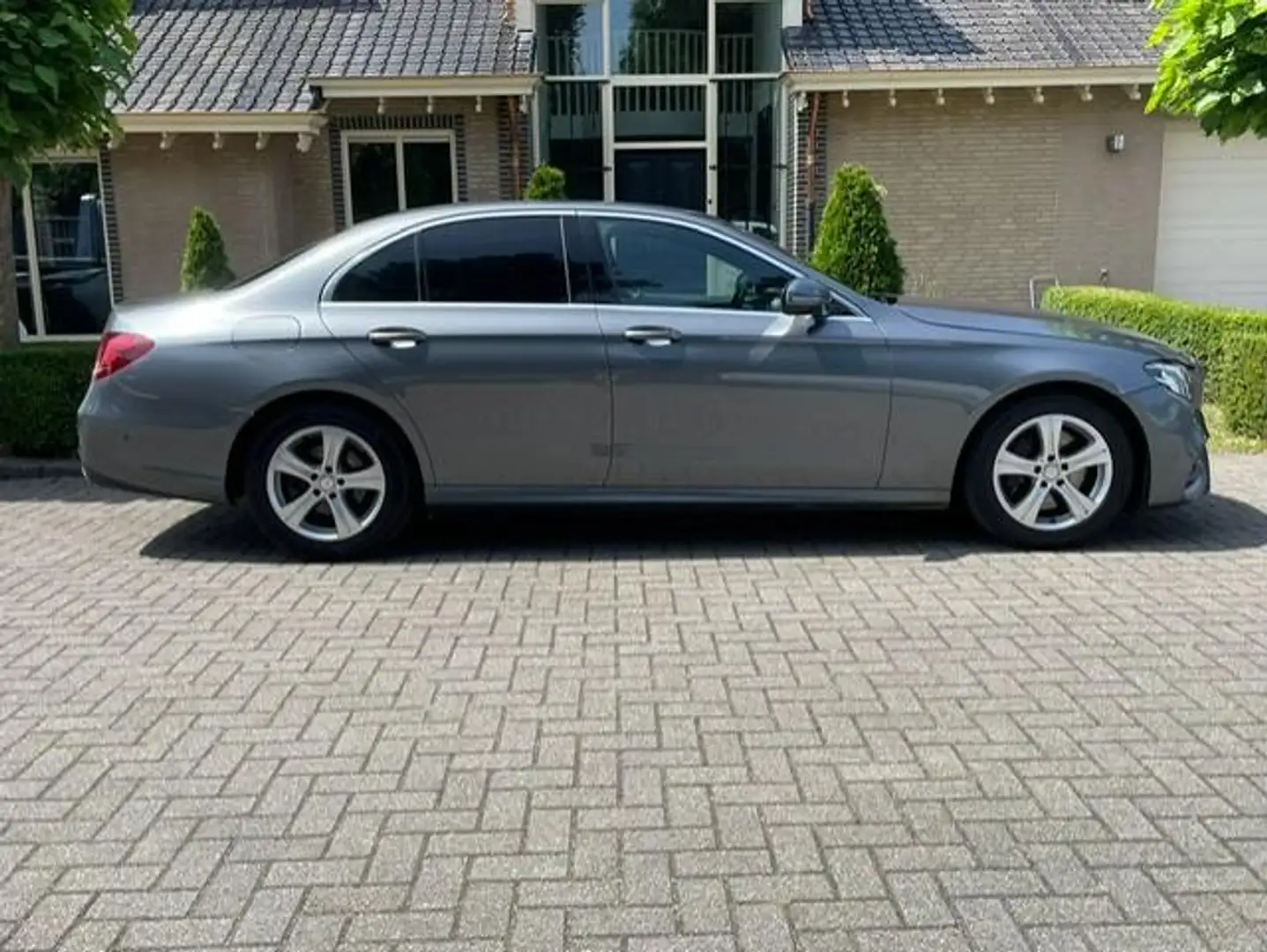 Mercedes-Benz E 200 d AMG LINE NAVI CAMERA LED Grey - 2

::::::::

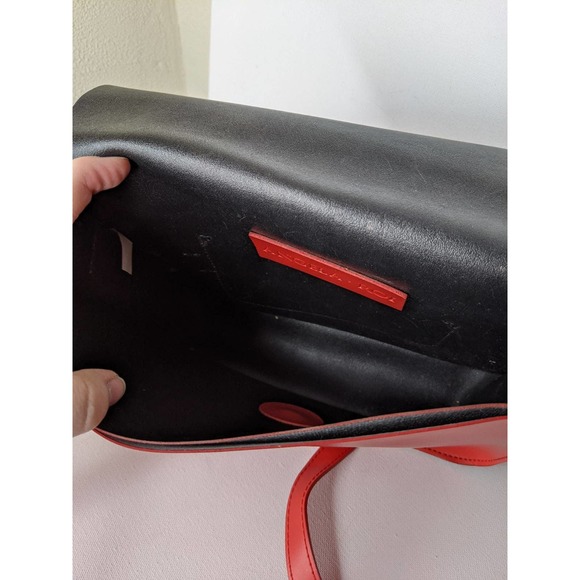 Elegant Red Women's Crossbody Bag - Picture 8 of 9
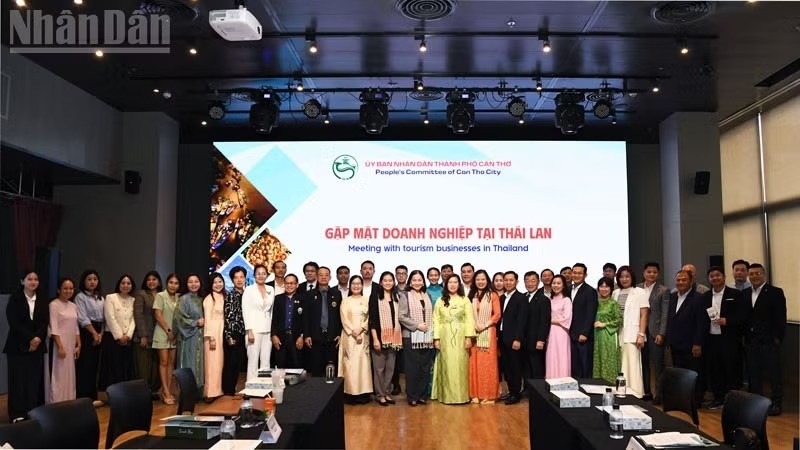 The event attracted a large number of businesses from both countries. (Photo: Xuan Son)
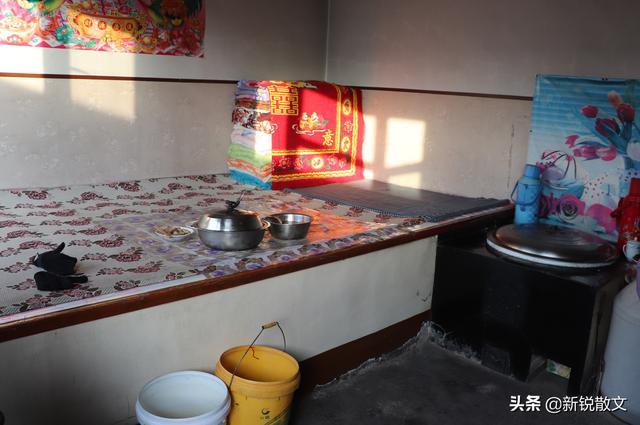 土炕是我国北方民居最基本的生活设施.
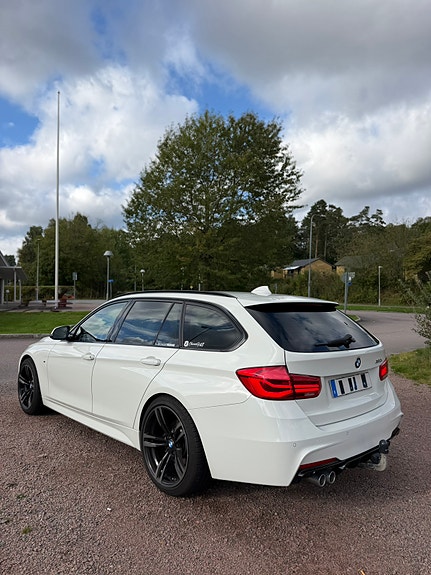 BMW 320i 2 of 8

::::::::

● **WORK TO COMPLETE**
Using the entries above, write out exactly the lines from the one with "Elegant Red Women's" through the one with "BMW 320i 2 of 8", ends included. Leave out any pictures.

● **SOLUTION FOR THIS PROBLEM**
 Elegant Red Women's Crossbody Bag - Picture 8 of 9
 The event attracted a large number of businesses from both countries. (Photo: Xuan Son)
 土炕是我国北方民居最基本的生活设施.
 BMW 320i 2 of 8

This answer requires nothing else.